▶ **What you are asked to do**: Set down word for word each line from the start of the listing through the line that contains "GAMDIAS White Mid", both included.

----

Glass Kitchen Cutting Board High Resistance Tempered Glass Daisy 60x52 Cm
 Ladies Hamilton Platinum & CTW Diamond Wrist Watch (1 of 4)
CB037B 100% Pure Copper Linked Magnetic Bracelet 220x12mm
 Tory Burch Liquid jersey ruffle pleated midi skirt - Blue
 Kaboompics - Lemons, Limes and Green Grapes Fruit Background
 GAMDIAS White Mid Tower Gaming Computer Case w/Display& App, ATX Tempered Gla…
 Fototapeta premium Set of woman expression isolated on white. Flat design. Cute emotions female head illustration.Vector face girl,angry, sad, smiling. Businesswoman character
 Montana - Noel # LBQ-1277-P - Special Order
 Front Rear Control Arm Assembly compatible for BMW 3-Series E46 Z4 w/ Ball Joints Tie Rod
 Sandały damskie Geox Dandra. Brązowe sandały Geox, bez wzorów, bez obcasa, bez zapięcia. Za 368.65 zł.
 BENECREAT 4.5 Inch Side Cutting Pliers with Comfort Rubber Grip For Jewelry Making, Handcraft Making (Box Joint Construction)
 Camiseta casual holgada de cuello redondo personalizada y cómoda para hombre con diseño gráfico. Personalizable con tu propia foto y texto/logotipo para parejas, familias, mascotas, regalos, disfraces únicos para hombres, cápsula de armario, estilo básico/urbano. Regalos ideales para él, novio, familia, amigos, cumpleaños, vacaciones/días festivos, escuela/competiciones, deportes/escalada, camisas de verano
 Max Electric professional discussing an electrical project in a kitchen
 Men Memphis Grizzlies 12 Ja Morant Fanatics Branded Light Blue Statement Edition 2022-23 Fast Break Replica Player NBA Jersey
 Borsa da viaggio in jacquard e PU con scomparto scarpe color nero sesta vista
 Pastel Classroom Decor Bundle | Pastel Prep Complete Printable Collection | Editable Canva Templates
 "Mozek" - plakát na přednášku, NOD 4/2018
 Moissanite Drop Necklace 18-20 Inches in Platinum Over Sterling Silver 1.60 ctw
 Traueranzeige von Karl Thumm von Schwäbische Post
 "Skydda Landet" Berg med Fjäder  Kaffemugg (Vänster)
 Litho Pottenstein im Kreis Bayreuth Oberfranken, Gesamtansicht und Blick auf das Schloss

----

▶ **Task answer**:
Glass Kitchen Cutting Board High Resistance Tempered Glass Daisy 60x52 Cm
 Ladies Hamilton Platinum & CTW Diamond Wrist Watch (1 of 4)
CB037B 100% Pure Copper Linked Magnetic Bracelet 220x12mm
 Tory Burch Liquid jersey ruffle pleated midi skirt - Blue
 Kaboompics - Lemons, Limes and Green Grapes Fruit Background
 GAMDIAS White Mid Tower Gaming Computer Case w/Display& App, ATX Tempered Gla…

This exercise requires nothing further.